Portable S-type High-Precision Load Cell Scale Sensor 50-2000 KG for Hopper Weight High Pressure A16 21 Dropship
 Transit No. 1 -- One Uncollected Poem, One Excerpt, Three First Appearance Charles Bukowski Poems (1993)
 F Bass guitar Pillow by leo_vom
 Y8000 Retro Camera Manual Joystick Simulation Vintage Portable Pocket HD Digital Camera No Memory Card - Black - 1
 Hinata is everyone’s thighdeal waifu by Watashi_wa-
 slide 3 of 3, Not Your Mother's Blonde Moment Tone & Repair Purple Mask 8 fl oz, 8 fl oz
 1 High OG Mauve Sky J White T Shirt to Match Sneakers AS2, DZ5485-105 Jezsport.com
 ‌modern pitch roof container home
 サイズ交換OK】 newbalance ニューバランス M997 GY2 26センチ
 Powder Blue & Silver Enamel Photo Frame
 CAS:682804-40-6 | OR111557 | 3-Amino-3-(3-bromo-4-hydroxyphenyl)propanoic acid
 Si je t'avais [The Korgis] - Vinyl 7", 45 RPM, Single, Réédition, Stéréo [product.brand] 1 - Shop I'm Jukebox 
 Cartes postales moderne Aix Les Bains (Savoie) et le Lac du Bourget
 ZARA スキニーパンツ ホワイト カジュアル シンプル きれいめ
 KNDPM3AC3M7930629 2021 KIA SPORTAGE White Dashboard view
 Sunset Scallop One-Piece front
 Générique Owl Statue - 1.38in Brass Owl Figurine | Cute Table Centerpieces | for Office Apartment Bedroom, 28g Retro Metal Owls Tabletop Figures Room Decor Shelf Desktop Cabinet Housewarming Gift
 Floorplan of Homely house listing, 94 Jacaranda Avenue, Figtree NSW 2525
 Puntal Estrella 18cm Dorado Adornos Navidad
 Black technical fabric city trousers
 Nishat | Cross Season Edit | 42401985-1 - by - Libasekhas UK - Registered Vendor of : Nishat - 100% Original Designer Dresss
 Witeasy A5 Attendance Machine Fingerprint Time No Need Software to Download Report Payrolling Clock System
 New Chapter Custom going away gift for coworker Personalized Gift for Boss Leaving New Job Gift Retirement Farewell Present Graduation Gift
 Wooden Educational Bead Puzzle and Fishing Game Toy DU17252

Your goal:
For each line above that contains the word "White", give the line as it is written.

Solved exercise:
 1 High OG Mauve Sky J White T Shirt to Match Sneakers AS2, DZ5485-105 Jezsport.com
 KNDPM3AC3M7930629 2021 KIA SPORTAGE White Dashboard view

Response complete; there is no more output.